We reviewed the literature according to the MOOSE guidelines for systematic reviews of observational studies. We identified eligible papers for this review through two separate literature searches, one addressing peer reviewed original journal articles and one addressing the gray literature (non-journal articles and reports). Peer-reviewed papers were searched in PubMed, Web of science, HSELINE and NIOSHTIC-2 from OSH UPDATE. Gray literature was retrieved from searches in HSELINE, NIOSHTIC-2 and from OSH UPDATE. The search methodology followed a PICO (population or patient, intervention, comparison, and outcome) format. The search strategy combined sets of keywords, using AND/OR terms in Boolean logic. Keywords for the search strategy are provided in the appendix (table S2, www.sjweh.fi/show_abstract.php?abstract_id=3775). Details of the search strategy are also shown in the appendix. Six earlier reviews (49) were scanned to include additional studies.

In order to be included in this review the following criteria had to be fulfilled: (i) The study should be in English or Scandinavian language and published between 1966 and February 2017 in a peer-reviewed journal, report or on a website (gray literature). Abstracts only were excluded. (ii) The study should have investigated working environment issues. (iii) The study should report on a well-defined intervention relevant for an occupational safety and health authority such as regulatory actions that the WEA could make on OHS legislation or other regulations that could be enforced by the WEA, such as inspections, training, campaigns or the introduction of technical device. Studies of workplace interventions that do not explicitly involve OSH authorities as an active or potential player were not included. Thus, intervention studies of physical and mental health training of workers at the workplace and /or treatment studies were not eligible. (iv) The study should include a relevant outcome eg, injuries, fatalities, occupational exposure, sick leave, work-related symptoms and disease and compliance. (v) The study should at best include a control group or a reference such as before-after comparisons or other types of controlled designs. Simple before-after comparisons without a control group were included to meet the call for a broader review. (vi) The study should provide quantitative measures of intervention effects with confidence intervals (CI) or provide data enabling calculation of risk estimates and associated uncertainties.

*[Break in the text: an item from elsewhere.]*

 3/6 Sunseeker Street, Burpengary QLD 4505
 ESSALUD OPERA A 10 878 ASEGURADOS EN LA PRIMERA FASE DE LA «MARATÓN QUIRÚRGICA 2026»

At the title and abstract screening stage, the facilities from www.covidence.org were used. One author screened all studies identified by the search according to the eligibility criteria, and three other authors provided second screenings. Disagreements (7% of papers) between readers were resolved by consensus. Two authors screen all the gray literature from OSH and NIOSH in Covidence using the same inclusion criteria as that of journal papers except that risk estimates were not requested because most of the gray literature did not provide sufficient information to calculate risk estimates.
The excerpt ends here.